Section 8.6 of the CSA B149.1 Installation Code addresses conditions created by exhaust fans, air-supply fans, circulating fans and fireplaces:
When it is determined that the operation of another appliance or other equipment, including an exhaust fan, air-supply fan, or circulating fan, adversely affects the venting, combustion, or burning characteristics of a gas appliance, either the condition shall be corrected (the exhausted air being replaced) or the fuel supply to the affected appliance shall be discontinued.
Natural draft gas equipment draws ambient air from the building for combustion and venting. Outside air is therefore required to replace the air used for combustion and air removed from the building by air conditioning, circulating fans or other appliances, in order for natural draft gas appliances to operate and vent safely.

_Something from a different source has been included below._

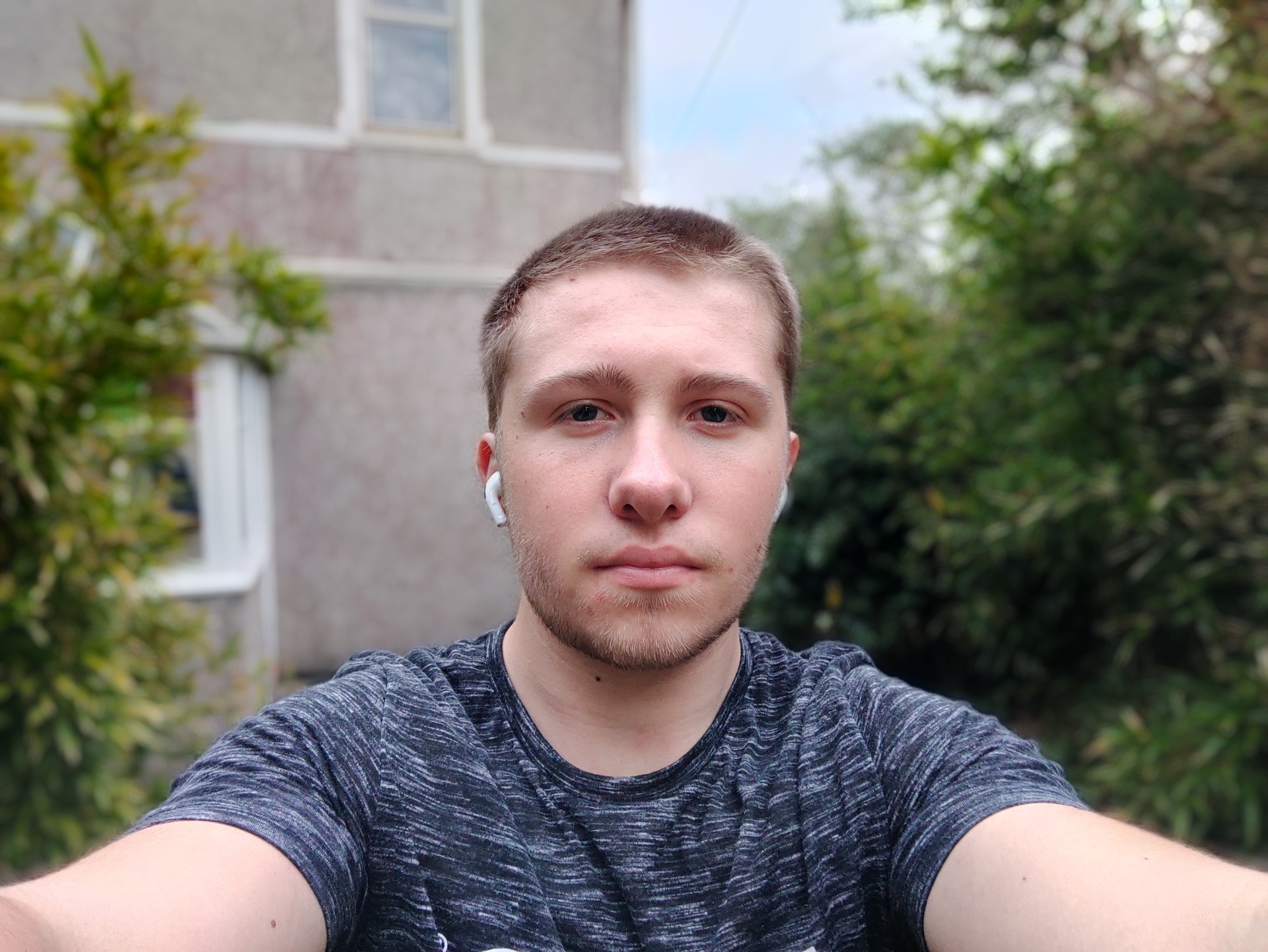 OnePlus Nord test image portait mode selfie in garden with sky behind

Homeowners/occupants need to verify there is an adequate, functioning fresh air supply in place for all fuel burning equipment. Special consideration needs to be applied when renovations/upgrades such as new windows, additional insulation, draft-sealing, or installation of a large kitchen exhaust fan, clothes dryer, built in vacuum cleaner or bathroom fan(s) have taken place and which could impact air flow into or out of a building. Portable fans/equipment can also exhaust inside air without providing outside air replacement. If there is any uncertainty, it is recommended you contact a licensed gas contractor in your area to assist in determining the safe operation of your gas appliances.
BC Safety Authority recommends the installation and use of carbon monoxide detectors which provide a warning of carbon monoxide buildup. Look for a detector that is listed with the Canadian Standards Association (CSA) or the Underwriters Laboratory of Canada (ULC). Check the expiry date on detectors as they need to be replaced periodically. Detectors are a good safety back up; however, they are not a substitute for regular maintenance, and validation of correct operating conditions of decorative, heating and cooling equipment.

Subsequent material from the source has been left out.